A few things worth pointing out:

• version: 3 is the current schema (introduced with ansible-builder 3.x). v1 is gone, v2 still works but lacks the per-step granularity v3 gives you. New EEs should always be v3.
• base_image. CentOS Stream 9 here because it tracks the same RHEL minor that my hosts run, which keeps the system-package versions inside the EE close to what’s actually deployed. Red Hat’s registry.redhat.io/ansible-automation-platform-25/ee-minimal-rhel9 is the supported equivalent if you have a subscription; the Ansible community publishes quay.io/ansible/community-ee-minimal and community-ee-base as smaller starting points if you want a curated base. All three work. I use the CentOS Stream image because the Stream-better-than-old-CentOS reasoning applies here too: a stable RHEL-equivalent base without a subscription requirement.
• ansible_core pinned to a minor range. >=2.17,<2.18 means I get patch updates within the line but not surprise behaviour changes from a major bump. Pin tighter (==2.17.4) if you have AAP version constraints to match.
• additional_build_steps is the escape hatch. Anything you’d put into a Containerfile (LABEL, RUN, ENV) goes here, scoped by stage (prepend_base, append_base, prepend_galaxy, append_galaxy, prepend_final, append_final). The v3 schema’s stage granularity is the main reason to be on it.

requirements.yml

---
collections:
  - name: containers.podman
    version: ">=1.16.0,<2.0.0"
  - name: community.general
    version: ">=10.0.0"
  - name: ansible.posix
    version: ">=1.6.0"
  - name: community.crypto
    version: ">=2.20.0"

Standard Galaxy requirements. Pinning the major helps; pinning the patch is overkill unless you’re chasing a specific bug.

requirements.txt

requests>=2.32
cryptography>=43
PyYAML>=6.0

The Python deps the collections actually use. containers.podman calls out to requests for some operations, community.crypto wants a recent cryptography, and PyYAML is so universally needed that listing it explicitly is a form of documentation.

bindep.txt

git [platform:rpm]
openssh-clients [platform:rpm]
sshpass [platform:rpm]
openssl [platform:rpm]

bindep (a small dependency specification format Ansible uses for system packages) is what ansible-builder consumes here, with platform tags so the same file works for apt, dnf, apk, etc. A homelab EE almost always wants git (for ansible.builtin.git), openssh-clients (for SSH against odd-keyed hosts), sshpass (for the rare case you can’t avoid password auth), and openssl (for community.crypto operations that shell out).

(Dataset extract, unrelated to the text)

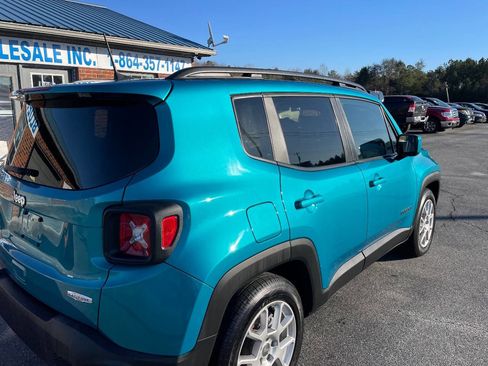 Used 2021 Jeep Renegade Latitude w/ Convenience Group image 3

One more entry that bites people on minimal base images: if your playbooks talk to internal HTTPS endpoints (a Forgejo registry, an internal Vault, anything behind a private CA), add ca-certificates and, if you use a private CA, install the cert during additional_build_steps. The “why does requests fail with a TLS error inside the EE but not on my laptop” debugging session is one of the most common first EE experiences.

Building It

ansible-builder build \
  --tag git.linuxserver.pro/chris/ansible-ee-homelab:2026-05-06 \
  --container-runtime podman \
  --verbosity 2

ansible-builder materialises a Containerfile in context/, then hands it to podman build. The --verbosity 2 flag echoes each step so you can see exactly what it’s doing; first-time builders should run it at least once to demystify the process.

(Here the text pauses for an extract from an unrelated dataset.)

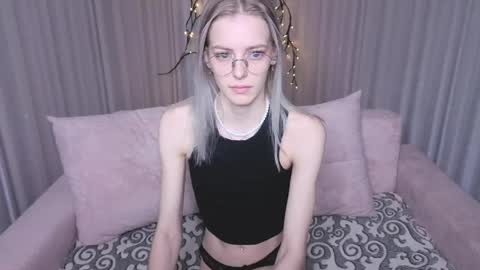 Kitty online show from May 21, 2026, 12:50 am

The first build is slow (pulls the base image, runs Galaxy, pip, dnf). Subsequent builds are fast as long as requirements.yml, requirements.txt, and bindep.txt haven’t changed; the v3 stage layout means only the layers downstream of the change rebuild. In practice that’s the difference between a two-minute rebuild and a twenty-minute one.

After build, push to the registry:

podman push git.linuxserver.pro/chris/ansible-ee-homelab:2026-05-06

Now the image is the artifact. Anyone with credentials to the registry can run playbooks against the same versioned bundle of dependencies.

ansible-navigator: Running Plays Against the EE

ansible-navigator is the new front door. It looks superficially like ansible-playbook, but with a couple of important differences. The simplest invocation:

ansible-navigator run playbook.yml \
  --execution-environment-image git.linuxserver.pro/chris/ansible-ee-homelab:2026-05-06 \
  --pull-policy missing \
  --mode stdout

--mode stdout produces output that looks exactly like ansible-playbook (which is what you want in CI and what most people want locally). Without it, navigator launches its TUI, which is genuinely useful for browsing task results across a multi-host run but a poor fit for terminals being scraped by a tool.

--pull-policy missing pulls the image if it’s not already present locally and otherwise reuses it. The other policies (always, never, tag) cover the obvious cases; missing is the right default for almost everyone.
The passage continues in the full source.